> **Try it**
Please copy, word for word, the line holding "Alajuelense recibe una dura noticia." and each line that follows it through the end of the entries, omitting any pictures.

> **Raw data**
/---
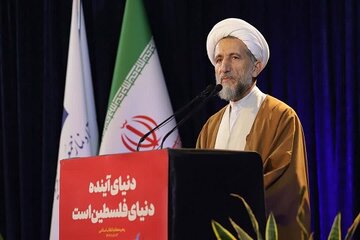 ساماندهی دستفروشان قزوین باید با حمایت و قانون انجام شود ساماندهی دستفروشان قزوین باید با حمایت و قانون انجام شود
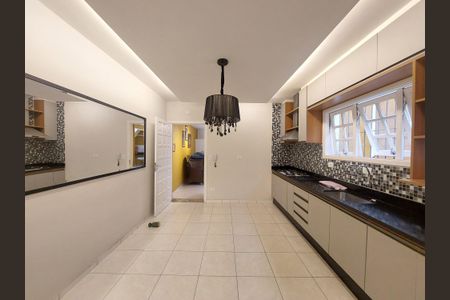 Casa para alugar com 170m², 4 quartos e 2 vagas Casa para alugar com 170m², 4 quartos e 2 vagasCozinha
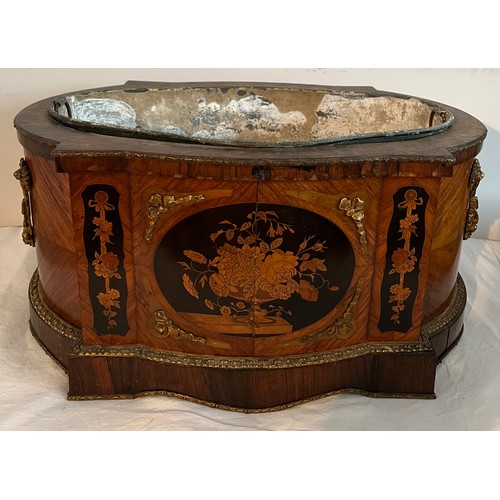 1234 - An inlaid French jardinière with gilt metal mounts and metal liner. 42 x 28 x 20cm h.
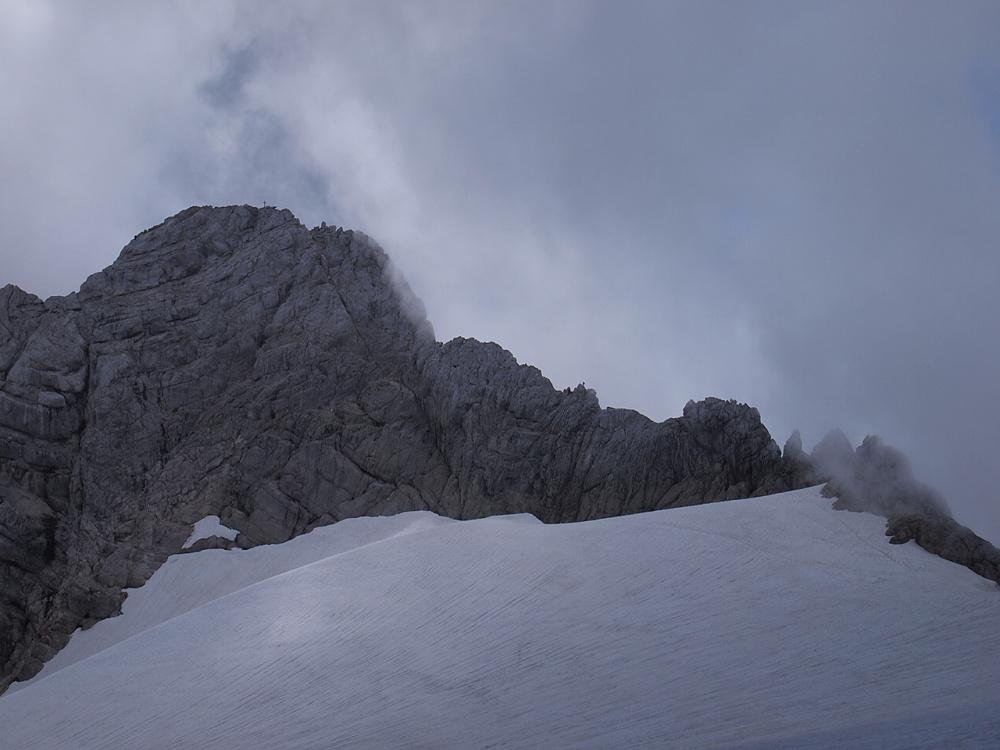 skalnat� vrchol nad ledovcem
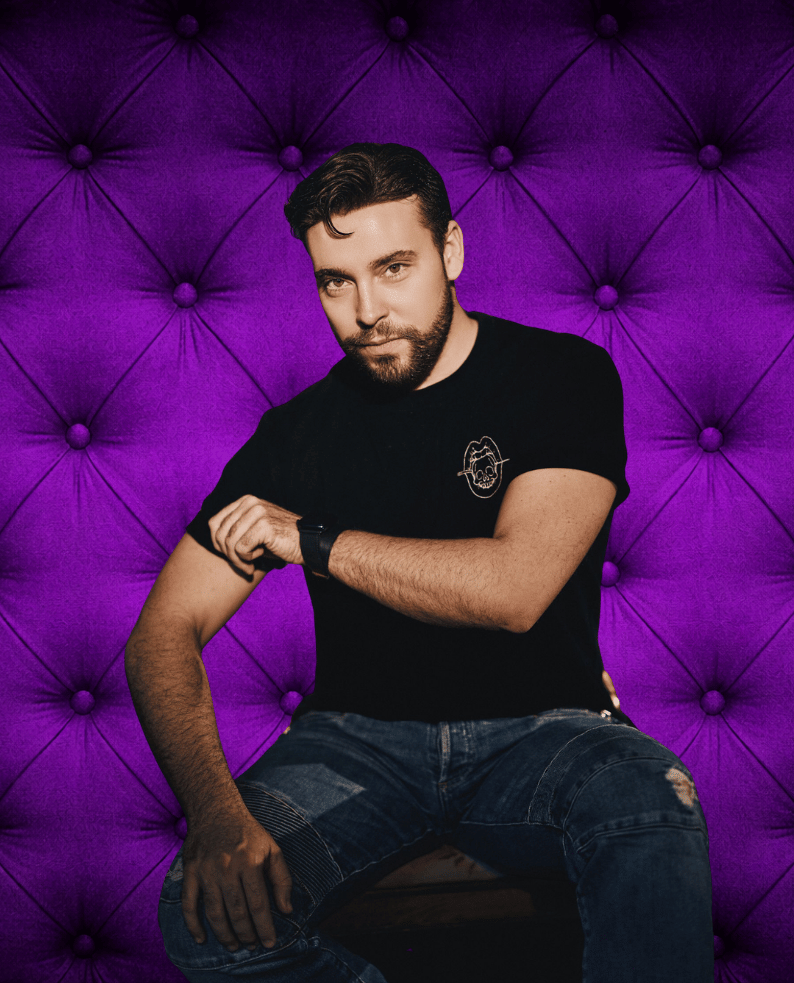 Antonio Velasco Diseño de Vestuario Drácula: una comedia de Terror
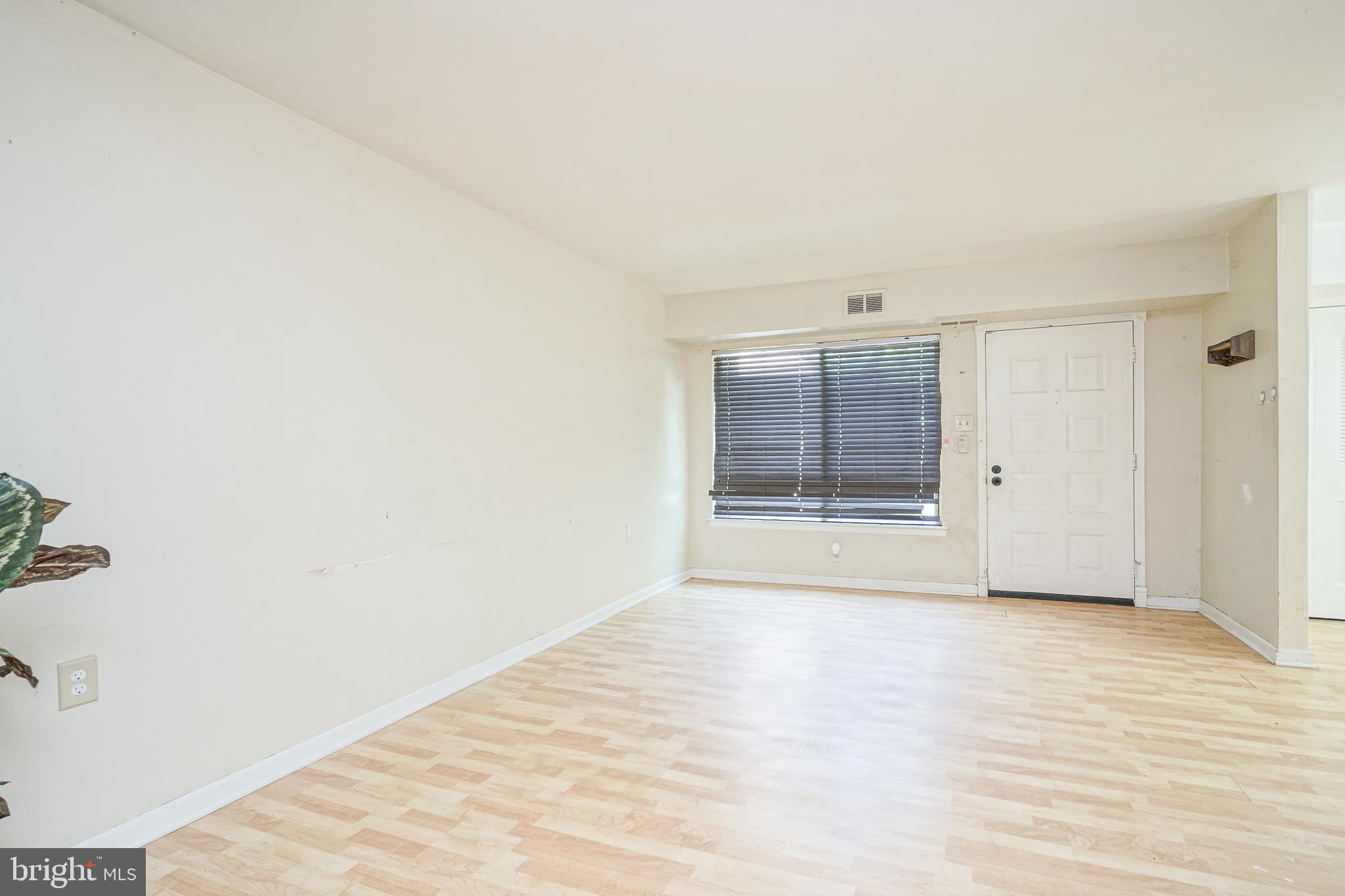 1604 Timber Creek Road Lindenwold, NJ 08021 - Photo 4 of 21
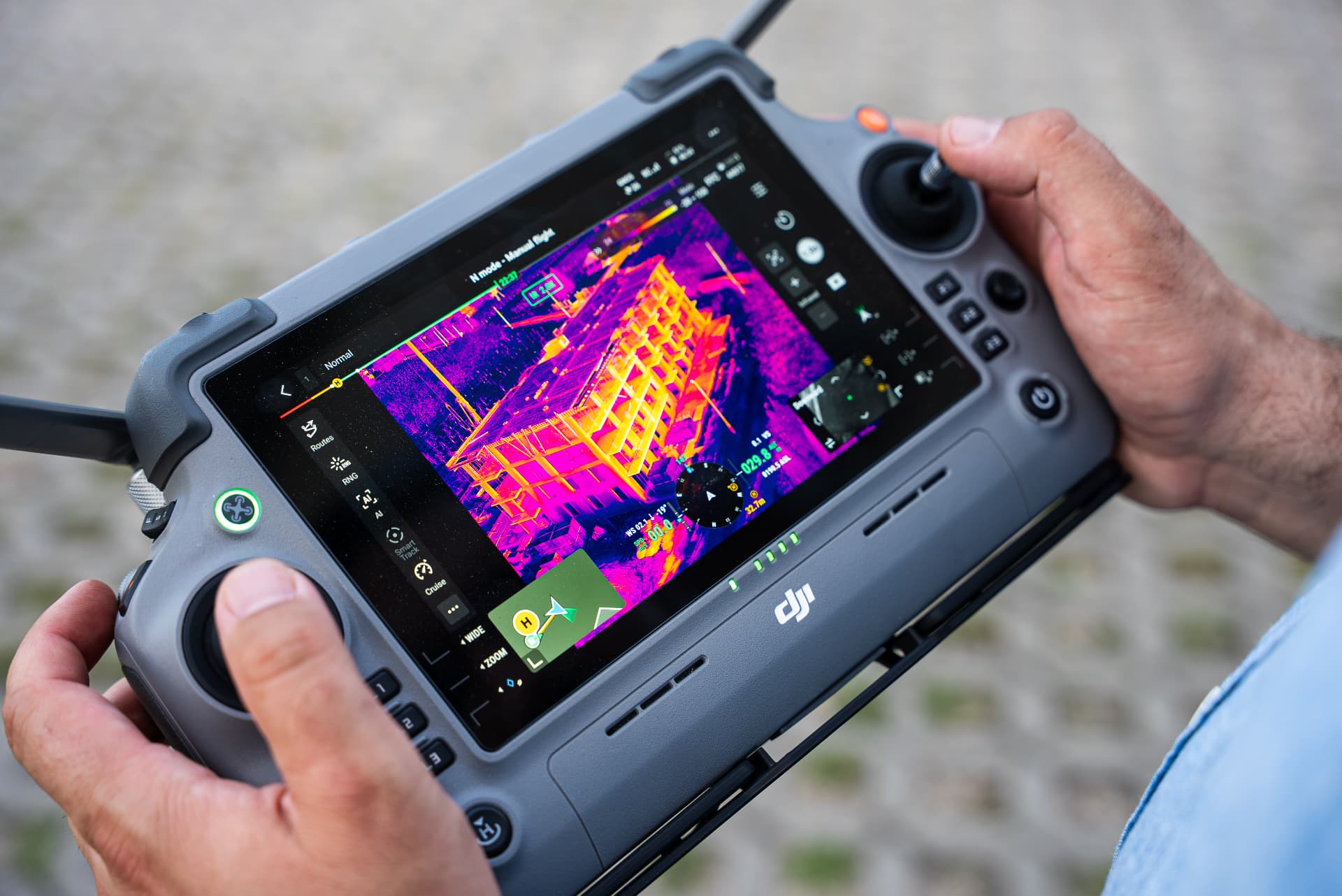 Podgląd obrazu termowizyjnego z drona na aparaturze DJI
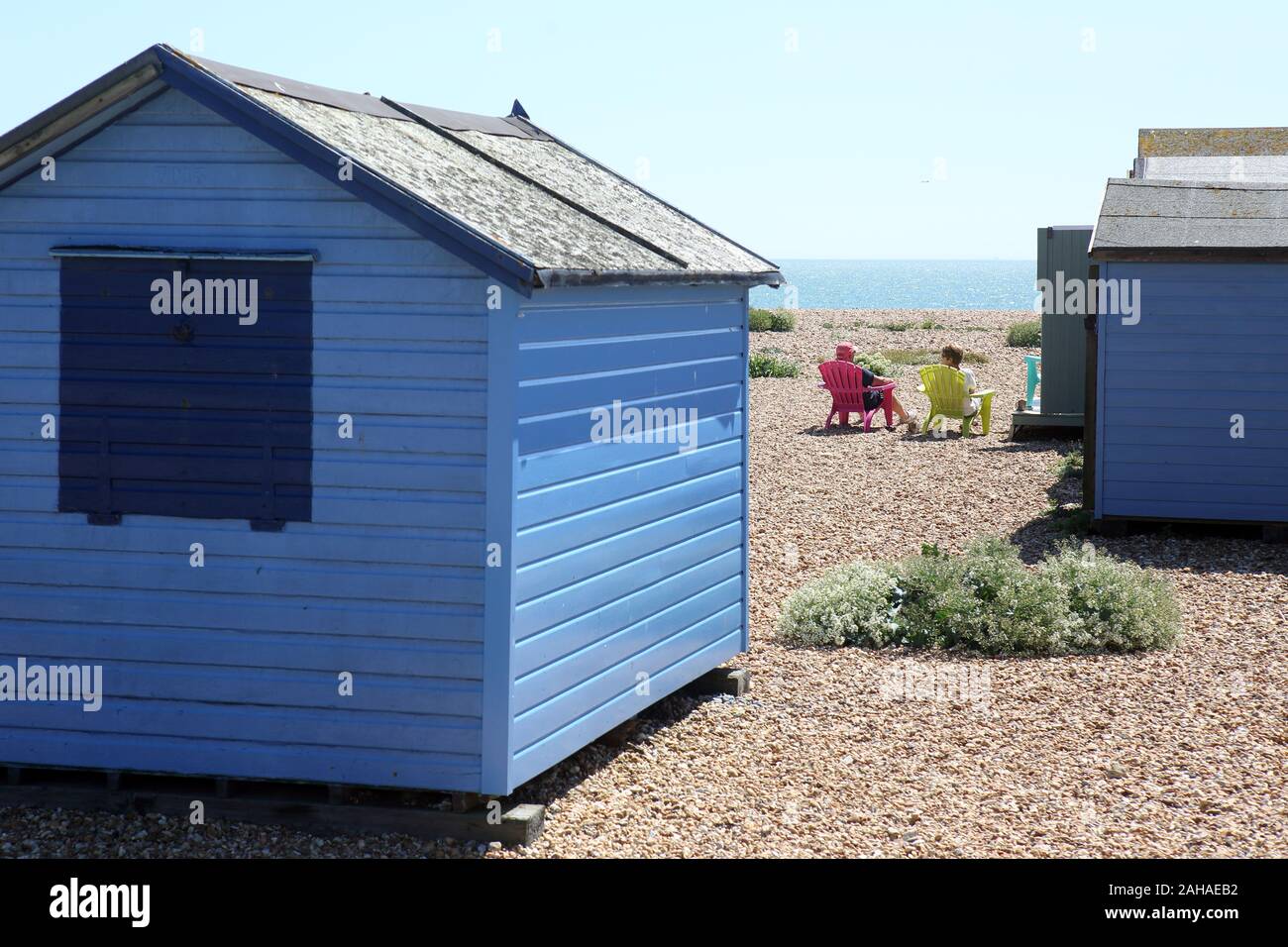 25.05.2017, Portsmouth, Isle of Wight, Großbritannien - Frauen am Strand zu sitzen und den Solent. 00 S 170525 D 106 CAROEX.JPG [MODEL RELEASE: N Stockfoto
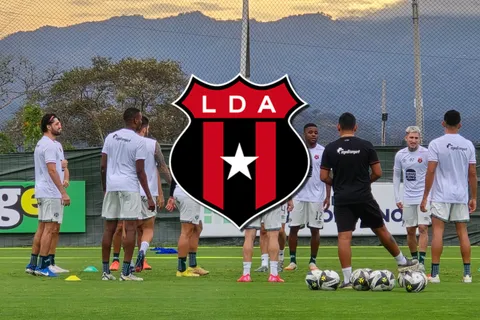 Alajuelense recibe una dura noticia.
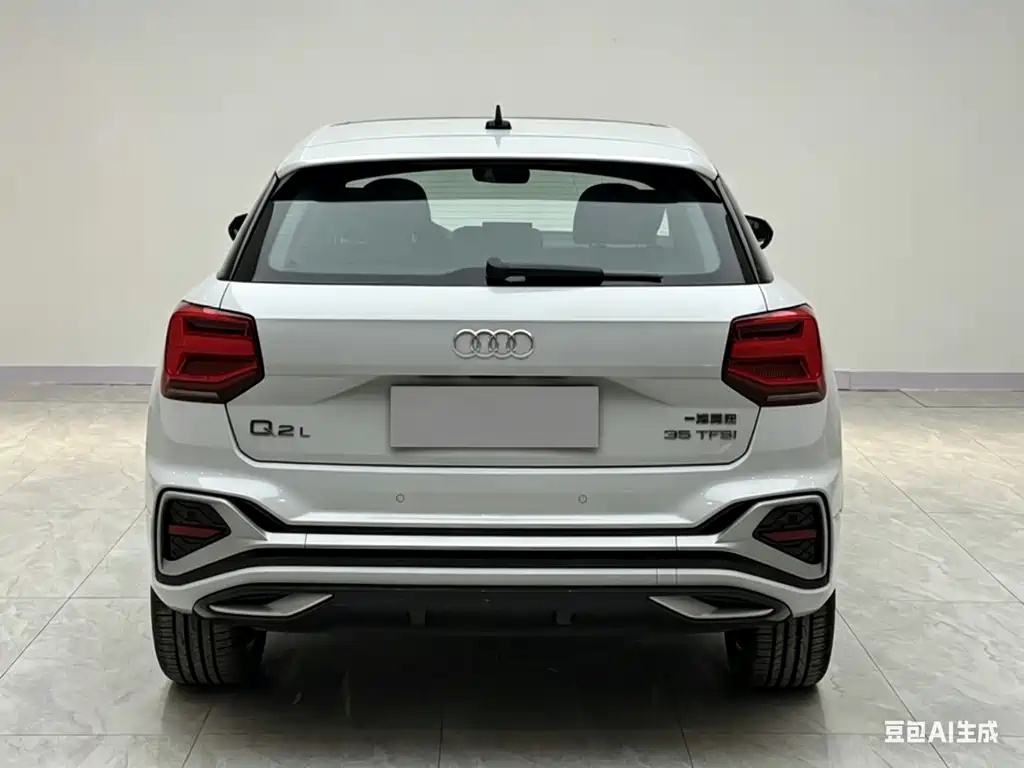 Audi Q2L 2024 35 TFSI Entry Dynamic Edition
\---
> **Task solution**
 Alajuelense recibe una dura noticia.
 Audi Q2L 2024 35 TFSI Entry Dynamic Edition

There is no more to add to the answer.